▶ **DATASET SECTION**:
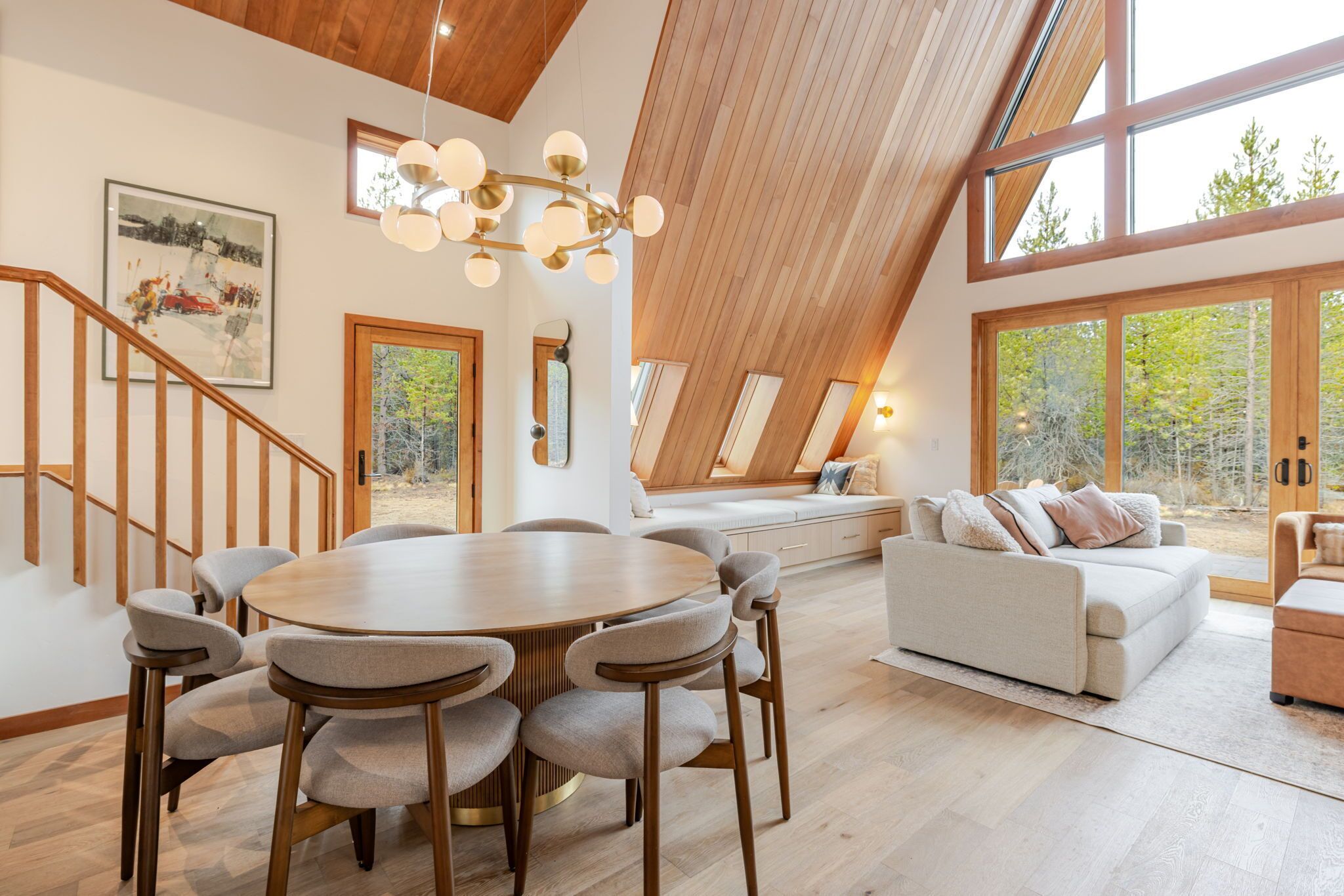 A spacious loft with a high ceiling, a dining area with a round table and chairs, a sofa, and large windows offering a view of the outdoors.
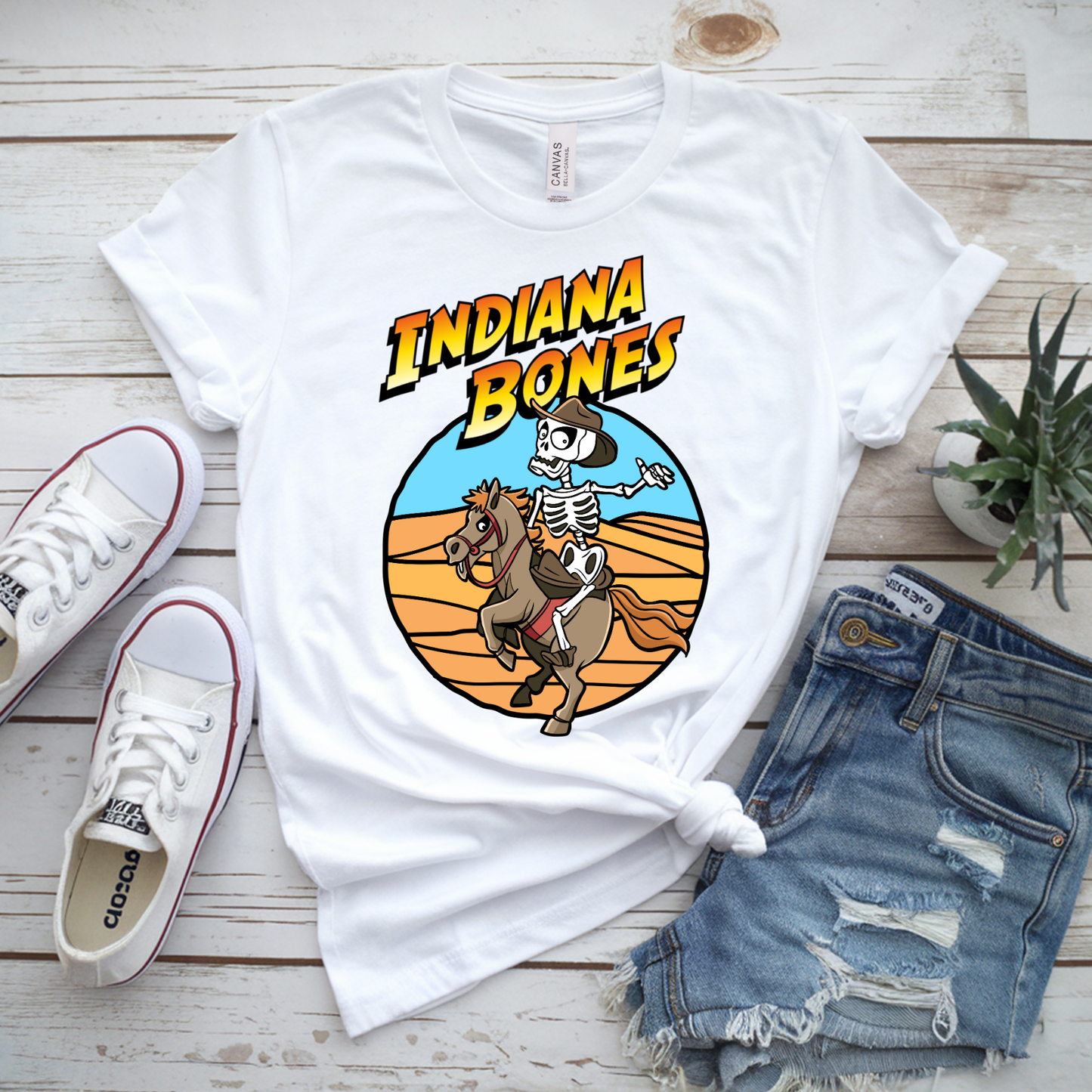 Indiana Bones Halloween T-Shirt – Funny Skeleton Cowboy Tee, Unisex Bella Canvas 3001, Spooky Movie Parody Shirt XS–5XL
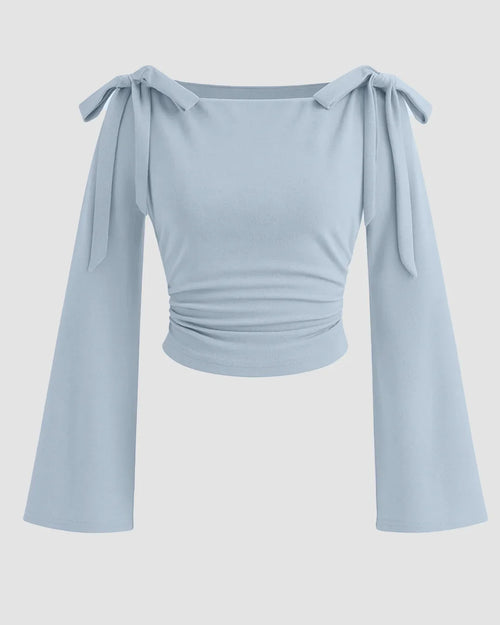 Front view of Bow tie shoulder crop top with soft stretch fabric, long flared sleeves, and a flattering fitted silhouette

▶ **INSTRUCTIONS TO FOLLOW**: Nothing but the lines from the one containing "Indiana Bones Halloween" through the last line of the data should appear in the answer, copied exactly, with pictures excluded.

▶ **TASK ANSWER**:
 Indiana Bones Halloween T-Shirt – Funny Skeleton Cowboy Tee, Unisex Bella Canvas 3001, Spooky Movie Parody Shirt XS–5XL
 Front view of Bow tie shoulder crop top with soft stretch fabric, long flared sleeves, and a flattering fitted silhouette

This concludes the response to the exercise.